Home >
Support >
Popeye-Simons User Guide

Popeye-Simons User Guide

Technical Summary
Compiling
Running
Storage
Monitoring

Tutorials

Popeye-Simons User Guide

SDSC Popeye-Simons cluster is not an NSF-allocated resource.

Technical Summary

The Popeye supercomputer is a heterogenous cluster, physically located at SDSC, designed by Simons and SDSC staff, and integrated by Lenovo. The current hardware configuration consists of:

Five racks, each containing 72 standard compute nodes with either Intel Skylake or Cascade Lake processors
One rack with a Mellanox 648-port director switch that connects all nodes through an EDR InfiniBand network with fat-tree topology. This rack also houses two login and two management nodes.

In July 2019, the system will expand to include:

One rack with 16 GPU-accelerated compute nodes, each containing four NVIDIA V100 GPUs along with Intel Skylake processors.

Each compute node has 768 GB of DRAM, which gives an aggregate DRAM capacity of 270 TB. In June 2019 aggregate DRAM capacity will increase to 284 TB.

Current system peak speed is 1.55 Pflop/s. In July 2019 peak speed will increase to 2.05 Pflop/s, with 0.45 Pflop/s from the GPUs.

Data-intensive computations are supported by a large parallel file system based on Lustre, along with a home file system based on NFS. The current capacity of the parallel file system is 4.4 PB and will grow to 12 PB in June 2019.

Additional information on the hardware and software configurations is in the following tables.

Technical Details

System Component	Racks 1&2	Rack 4, 5,& 6	Rack 7
Production Date	Febuary 2019	June 2019	July 2019
CPU Type	Intel Skylake 8168	Intel Cascade Lake 8268	Intel Skylake 6148
Clock speed (GHz)	2.7	2.9	2.4
Cores/Node	48	48	40
Peak flops/clock-core via AVX-512	32	32	32
Peak CPU speed/node (Tflop/s)	4.15	4.45	3.07
CPU DRAM type & speed (MHz)	DDR4-2666	DDR4-2666	DDR4-2666
CPU DRAM capacity/node (GB)	768	768	768
Flash memory/node (TB)	1.9	1.9	-
GPU type	-	-	NVIDIA V100
GPU/node	-	-	4
Peak GPU DP speed/node (Tflop/s)	-	-	28.0
GPU DRAM capacity/node (GB)	-	-	128
Nodes/system thru date of column	144	360	376
Cores/system thru date of column	6,912	17,280	17,920
GPUs/system thru date of column	-	-	64
Peak speed/system (Pflop/s) thru date of column	0.59	1.55	2.05
Aggregate DRAM/system (TB) thru date of column	108	270	284
Interconnect type	EDR InfiniBand	EDR InfiniBand	EDR InfiniBand
Interconnect topology	Fat tree	Fat tree	Fat tree
Maximum unidirectional MPI bandwidth/node (GB/s)	12.3	12.3	12.3
Minimum MPI latency (µs)	1.4	1.4	1.4

Systems Software Environment

Software Function	Description
Cluster Management	Bright
Operating System	CentOS
File Systems	Lustre, NFS
Scheduler and Resource Manager	Slurm
User Environment	Modules
Compilers	Intel,GNU Fortran, C, C++
Message Passing	Intel MPI , Open MPI

System Access

Popeye is a Flatiron Institute(FI) computing resource. Popeye is accessible to all FI staff with access to the local FI clusters. Other Simons staff who are interested in using Popeye should send email to "scicomp@flatironinstitute.org".

Logging in to Popeye

Instructions for accessing Popeye/Gordon can be found on the Simons Foundation web page.

Notes and hints

When you login to popeye.sdsc.edu, you will be assigned one of the two login nodes popeye-login[1-2].sdsc.edu. These nodes are identical in both architecture and software environment. Users can directly access one of the two nodes directly if they see poor performance
When using screen or tmux be aware of the login node on which the session was started. When you try to reconnect to the old session be sure to use the same login node on which you started the original screen or tmux session.
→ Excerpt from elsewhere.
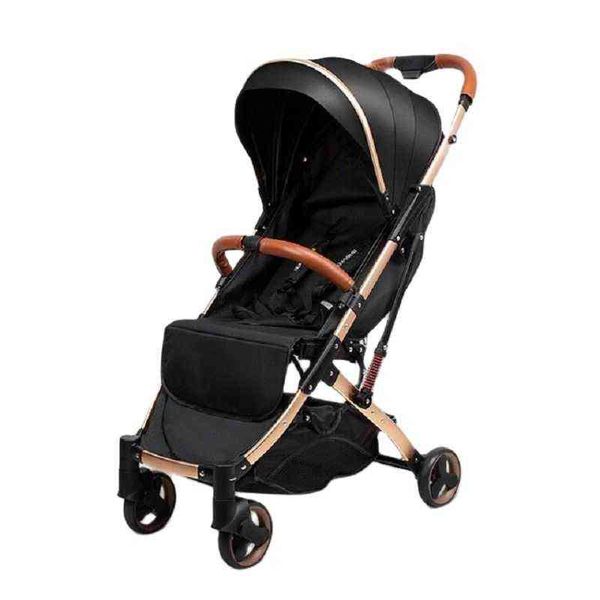 ru 5.8kg ultra-lightweight stroller, lower factory price for frist sales,folding umbrella carts for 0-4 years baby 211104
ru 5.8kg ultra-lightweight stroller, lower factory price for frist sales,folding umbrella carts for 0-4 years baby 211104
Do not use the login nodes for computationally intensive processes. These nodes are meant for compilation, file editing, simple data analysis, and other tasks that use minimal compute resources. All computationally demanding jobs should be submitted and run through the batch queuing system.

Modules

The Environment Modules package provides for dynamic modification of your shell environment. Module commands set, change, or delete environment variables, typically in support of a particular application. They also let the user choose between different versions of the same software or different combinations of related codes.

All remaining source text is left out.